DESIGN E MOVIMENTO di Silvia Chiarolanza

Contemplare l’evento come principio demolitore dello spazio, mette in crisi l’idea canonica di progetto. Questo perché, con l’introduzione dell’azione, gli ambienti vissuti diventano imprevedibili e dinamici. Uno spazio infatti, non può semplicemente essere classificato e trattato in termini scientificamente oggettivi.

L’esperienza di ogni singolo utente sarà sempre influenzata da fattori incalcolabili che fanno parte dell’ambiente esterno o di stati d’animo presenti in quel singolo momento. Si può comprendere meglio lo spazio e la sua conformazione, attraverso lo studio del corpo e di come questo meccanismo vivente si relaziona con l’ambiente.

La percezione soggettiva dell’utente è di primaria importanza, per soddisfare i criteri di piacevolezza che uno spazio deve necessariamente offrire.

IL MOVIMENTO NELLA STORIA DEL DESIGN

L’architetto Bernard Tschumi, figura coinvolta attivamente nella ricerca della giusta relazione tra utente e spazio vissuto, suddivide il legame spazio – evento in due categorie:

  • simmetrica, nella quale lo spazio e il corpo si influenzano alla pari;
  • asimmetrica, se uno dei due predomina sull’altro.

Quando è lo spazio a dominare, può imporre violenze simboliche ai suoi abitanti.

E’ il caso di corridoi o spazi stretti in luoghi affollati, camere bianche di deprivazione sensoriale, scalinate troppo ripide o percorsi pericolosi.

Agli antipodi si colloca la Cucina di Francoforte presentata all’Esposizione del Werkbund a Stoccarda nel 1926. Progettata in ogni sua componente tenendo conto dei movimenti della casalinga, per facilitarne e favorirne l’esecuzione, rappresenta un modo rivoluzionario di progettare gli interni.

ERGONOMIA E PROGETTO

L’ ergonomia trionfa e prende il comando in fase progettuale.

Seguendo questa scia possiamo trovare i progetti dello studio Officine Architetti Napoli che opera in ambito residenziale seguendo questi principi. Nulla è lasciato al caso e ogni centimetro di spazio è studiato per soddisfare le esigenze di chi andrà a vivere quegli ambienti. Ma la funzionalità è coniugata all’estetica e al gusto delle forme lineari.
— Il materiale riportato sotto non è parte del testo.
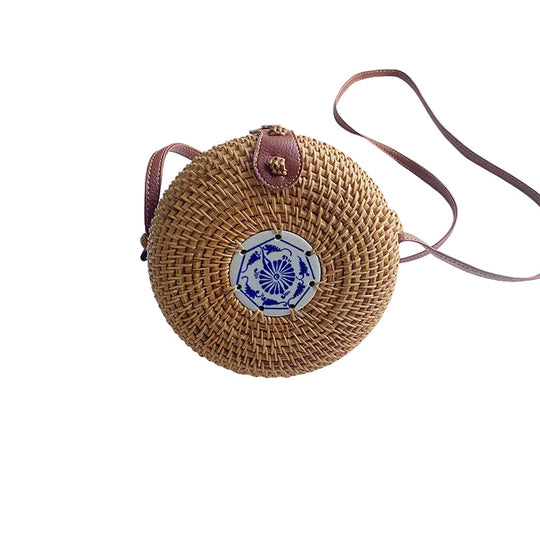 Sac À Main Femme Panier Rond Avec Détail Unique 0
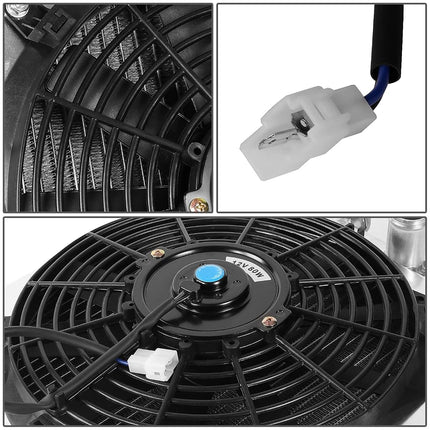 DNA Motoring RA+FS-HC92-42-AT-2 2-Row Radiator with 12V Fan Shroud Compatible with 92-00 Civic / 93-97 Del Sol / 94-01 Integra AT MT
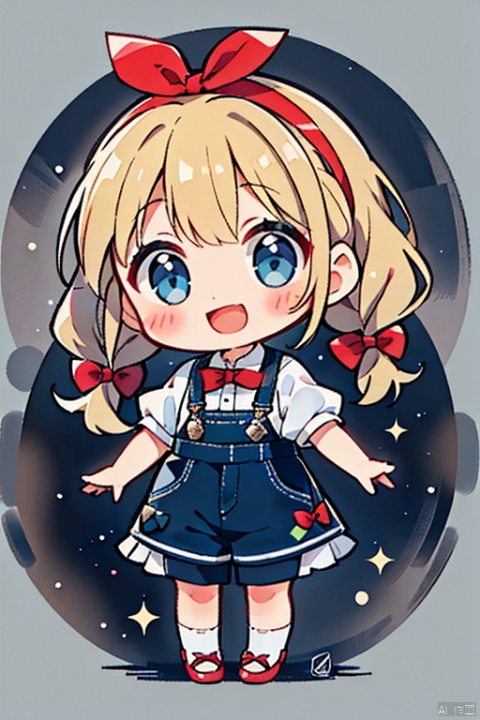 1girl, solo, long hair, looking at viewer, blush, smile, open mouth, bangs, blue eyes, blonde hair, simple background, shirt, white background, bow, twintails, standing, full body, white shirt, braid, short sleeves, :d, hair bow, hairband, shoes, socks, twitter username, red bow, twin braids, watermark, blush stickers, white socks, red footwear, green bow, female child, overalls, green hairband, overall shorts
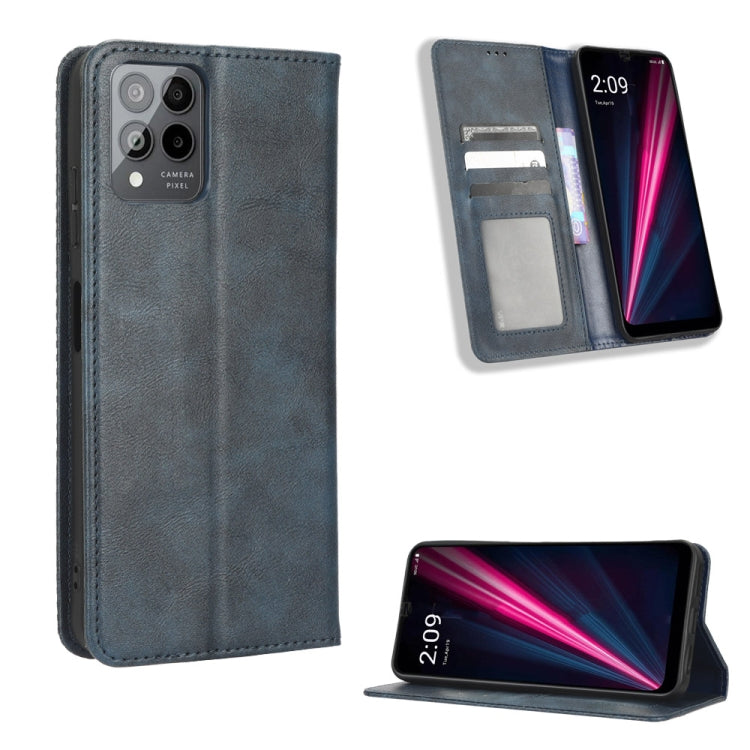 For T-Mobile REVVL 6 Pro 5G Magnetic Buckle Retro Texture Leather Phone Case(Blue) - More Brand by PMC TechLife | Online Shopping South Africa | PMC TechLife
L’azione stessa diventa estetica grazie all’utilizzo della sfera sensoriale, attraverso la quale ci rapportiamo con il mondo esterno e conosciamo fino in fondo le persone e gli oggetti che ci circondano. In ogni movimento e in ogni gesto si nasconde un’accezione estetica che, seppur involontaria, è insita in ognuno di noi.

GLI INTERNI COME PALCOSCENICO

I semplici movimenti che compiamo ogni giorno hanno un senso e un fine ultimo. A volte spinti da un bisogno di primaria necessità, altre volte semplicemente dalla ricerca del piacere. Se parallelamente si esamina il movimento di un ballerino che danza, ci si ritrova davanti alla stessa identica conclusione.

La difformità è soltanto nell’esigenza che è alla base del movimento: nel caso della danza è di natura immateriale e non tangibile; Il desiderio di esprimere attraverso il proprio corpo una necessità emozionale.

Sebbene differiscano gli stimoli di partenza, sia un ballerino che una persona comune, nel momento stesso in cui sceglie di muoversi, stabilisce anche di interagire con lo spazio e di plasmare al suo interno delle figure.

Dato per certo che il movimento danzante è connesso ed è simile dal punto di vista estetico, al movimento comune, non può essere un dato trascurabile in fase di progettazione.

Ogni spazio ha una serie di utenti che muovendosi, creano traiettorie e figure proprio come ballerini in una coreografia.

Prendendo in esame un soggetto, che si muove in un determinato spazio, si possono mettere in evidenza le carenze e gli ostacoli spaziali che gli impediscono di portare a termine in totale libertà i suoi gesti, al fine di favorire movimenti esenti da vincoli, divenendo a tutti gli effetti delle danze.

CONCLUSIONE

Queste considerazioni mi portano ad osservare il panorama progettuale con una visione teatralizzante. Si può prediligere la rassicurante seduta in platea o essere parte integrante della scena.

Bisogna avere il coraggio di addentrarsi nel cuore della rappresentazione e vivere ogni sfida progettuale come la metafora di un palcoscenico, nel quale, gli individui che lo abitano, sono inconsapevoli performer dello spettacolo della vita.